MarshaQ, getting reading for summer residency.
Marsha,
Yes – your method sounds about right. Actually, one of the best packets I ever got back was the second one in my first semester – it was great (in retrospect, not so much at the time) because the *other* Marsha said that she wasn't going to give me any line edits on my essay – but asked me to do it myself and revise. At first I freaked out, but then ref. books in hand – I did it. It wasn't THAT bad, and it taught me a valuable self-editing lesson: if you're not sure, look it up. And YOU nailed that home when I worked with you on my crit. thesis … thank goodness for Grammar Girl and Hacker's Writer's Reference and advisors like *the Marshas*…
I'm all for clarity, and I find my students who are bad at grammar actually don't realise how hard it is to read their stories when the grammar is poor. It's not even about being pedantic with apostrophes (I can do that anytime!), it's that their meaning is unclear, their style is all over the place and their voice is "foggy". Sentence mastery is no bad thing.
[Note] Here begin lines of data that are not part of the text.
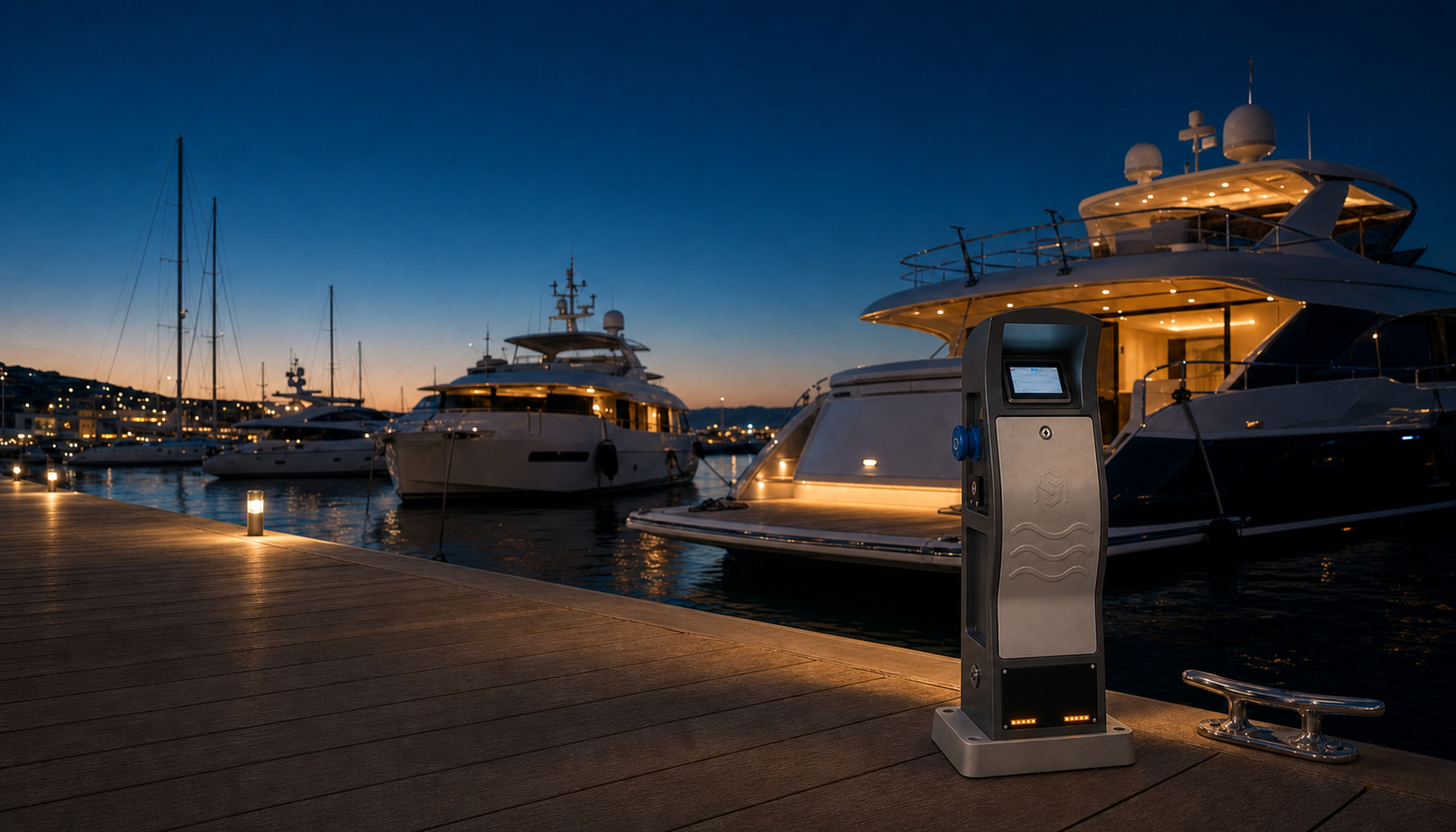 Alacakaranlıkta bir marina iskelesinin kenarında duran Suv Pedestal akıllı pedestal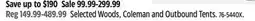 Canadian Tire Selected Woods, Coleman and Outbound Tents offer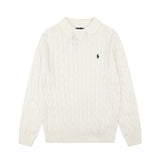 Rl ralph lauren pony warm women's autumn/winter cable knit polo collar sweater - wool blend, couple's casual loose knit top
Strunk and White's Elements of Style has been my go-to since high school. (And yes, that's E.B. White … my hero.) Also very helpful is my old copy of the Little, Brown Handbook which I used in Dr. Jewett's class and actually took notes inside the book, and it is still amazingly helpful.
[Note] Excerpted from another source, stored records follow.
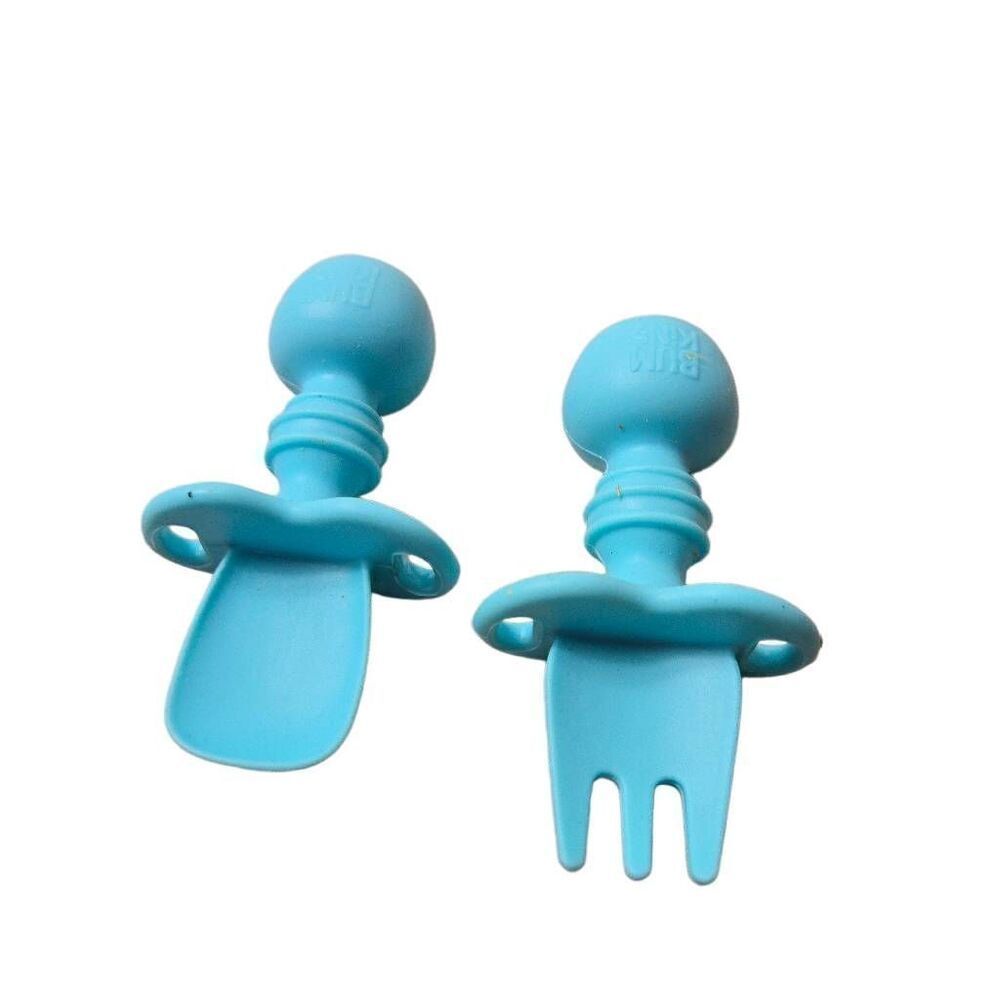 Bumkins Baby Utensils Set, Chewtensils Silicone Spoons for Dipping, Self-Feeding
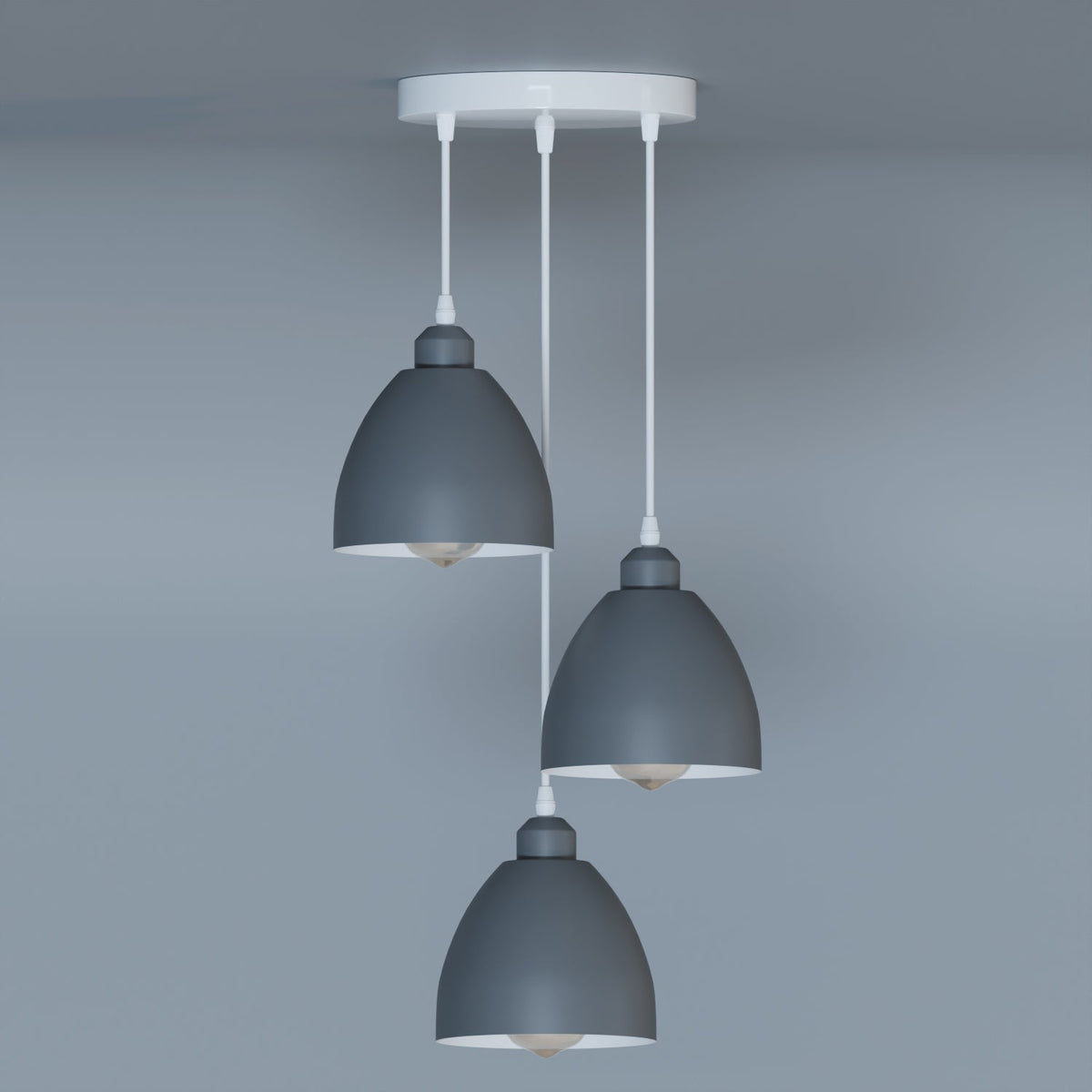 Industrial 3-Head Pendant Light with Adjustable Cables – E27
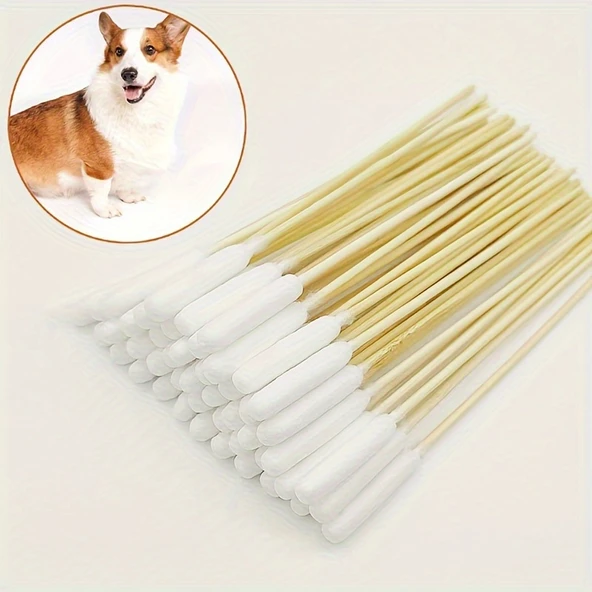 Kedi ve Köpek Pamuklu Kulak Temizleme Çubuğu - 50 Adet - 12cm Ahşap Sap - 5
I still have a long way to go on the grammar front. Last night I read through the line-edits Jane made on my papers first semester and she was always trying to get me to fix my pronoun references (I'd use those/these/them/etc. without pointing the pronouns at anything in the sentence) and she must have written "pro ref!!" a zillion times. Pronoun references still give me unmitigated hell today. Also I have not been able to untangle "lay/lie," though Lord knows I have analyzed their declensions to death.
I look at grammar the way a mechanic looks at an engine. If you can take the sentence apart and know which parts fit into what, you can reassemble the sentence and make it run much more smoothly.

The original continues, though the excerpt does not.